The League of West German Communists (Bund Westdeutscher Kommunisten, abbreviated BWK) was a Maoist communist political organization in the Federal Republic of Germany, active between 1980 and 1995 and one of the last surviving "K Groups" established in the aftermath of the German student movement. Following the German reunification, it merged into the Party of Democratic Socialism.

==Foundation==
BWK was founded in Mannheim on September 20, 1980, following a split from the Communist League of West Germany (KBW). The split in KBW occurred in the midst of the 1980 Bundestag election campaign. BWK was led by Jörg Detjen (de) and Martin Fochler (de). Around 600 KBW militants took part in founding BWK. BWK published the bi-weekly Politische Berichte. The organization had its headquarters in Cologne. In 1980 BWK founded the publishing house Gesellschaft für Nachrichtenerfassung und Nachrichtenverbreitung mbH (GNN) in Cologne.
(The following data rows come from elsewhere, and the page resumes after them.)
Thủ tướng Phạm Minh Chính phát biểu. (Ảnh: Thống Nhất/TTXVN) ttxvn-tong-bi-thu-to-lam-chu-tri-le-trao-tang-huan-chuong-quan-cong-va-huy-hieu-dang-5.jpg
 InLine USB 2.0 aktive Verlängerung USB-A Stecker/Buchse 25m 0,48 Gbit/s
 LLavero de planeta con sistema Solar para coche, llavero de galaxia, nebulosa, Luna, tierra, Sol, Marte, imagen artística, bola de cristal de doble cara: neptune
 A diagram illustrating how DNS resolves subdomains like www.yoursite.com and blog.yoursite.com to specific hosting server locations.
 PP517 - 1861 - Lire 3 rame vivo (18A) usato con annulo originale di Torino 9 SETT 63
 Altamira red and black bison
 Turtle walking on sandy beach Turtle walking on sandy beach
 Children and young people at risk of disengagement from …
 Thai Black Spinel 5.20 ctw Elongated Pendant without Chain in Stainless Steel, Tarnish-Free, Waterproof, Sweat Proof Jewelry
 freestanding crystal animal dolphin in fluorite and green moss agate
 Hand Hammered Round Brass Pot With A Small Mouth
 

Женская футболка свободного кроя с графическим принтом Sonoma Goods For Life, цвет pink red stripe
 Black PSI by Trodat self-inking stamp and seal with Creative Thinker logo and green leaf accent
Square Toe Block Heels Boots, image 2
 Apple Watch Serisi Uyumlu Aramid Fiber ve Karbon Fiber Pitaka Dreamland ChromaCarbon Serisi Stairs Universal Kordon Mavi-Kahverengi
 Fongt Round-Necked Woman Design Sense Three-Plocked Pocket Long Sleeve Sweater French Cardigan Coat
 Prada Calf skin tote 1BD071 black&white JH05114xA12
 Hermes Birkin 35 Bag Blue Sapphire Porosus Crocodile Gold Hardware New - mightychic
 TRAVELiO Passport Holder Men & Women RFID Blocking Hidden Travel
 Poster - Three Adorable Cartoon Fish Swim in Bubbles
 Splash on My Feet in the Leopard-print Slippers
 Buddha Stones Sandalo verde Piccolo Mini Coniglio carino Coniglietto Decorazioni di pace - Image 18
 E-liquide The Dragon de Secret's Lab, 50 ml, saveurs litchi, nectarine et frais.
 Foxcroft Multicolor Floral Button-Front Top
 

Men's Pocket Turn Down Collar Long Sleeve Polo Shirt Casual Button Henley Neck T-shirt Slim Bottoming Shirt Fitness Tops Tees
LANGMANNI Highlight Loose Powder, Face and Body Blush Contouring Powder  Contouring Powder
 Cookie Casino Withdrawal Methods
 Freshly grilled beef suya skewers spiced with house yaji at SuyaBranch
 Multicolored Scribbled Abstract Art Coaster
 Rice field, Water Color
==In West German politics==
By the late 1980s, BWK was one of few remaining "K-Groups" in West Germany. As of 1988 BWK reported it was active in seven of the ten States of West Germany. Politische Berichte had a circulation of 1,300, and the pamphlet-review Nachrichtenhefte with a circulation of around 1,000. BWK was a dominant force in the Cologne-based People's Front against Reaction, Fascism and War (Volksfront gegen Reaktion, Faschismus und Krieg, de).

==Entry into PDS==
On June 5, 1993 BWK set up a Working Group of the League of West German Communists with the Party of Democratic Socialism/Left List (Arbeitsgemeinschaft Bund Westdeutscher Kommunisten bei der PDS/LL) in Hamburg. By the end of the year, BWK was active in all West German states, setting up Working Groups in the PDS. BWK was dissolved in March 1995. Its members joined PDS. BWK was the first West German left group to dissolve itself and merge into PDS. The AG BWKs continued to exist within PDS, and later evolved into Forum of Communist Working Groups (Forum kommunistischer Arbeitsgemeinschaften). The Forum of Communist Working Groups was dissolved on December 2, 2007 and replaced in January 2008 by a new association, the Association for Political Education, Left Criticism and Communication (Verein für politische Bildung, linke Kritik und Kommunikation). The board of the new association consisted of Brigitte Wolf, Christoph Cornides, Rüdiger Lötzer, Christiane Schneider, Jörg Detjen, Martin Fochler and Alfred Küstler.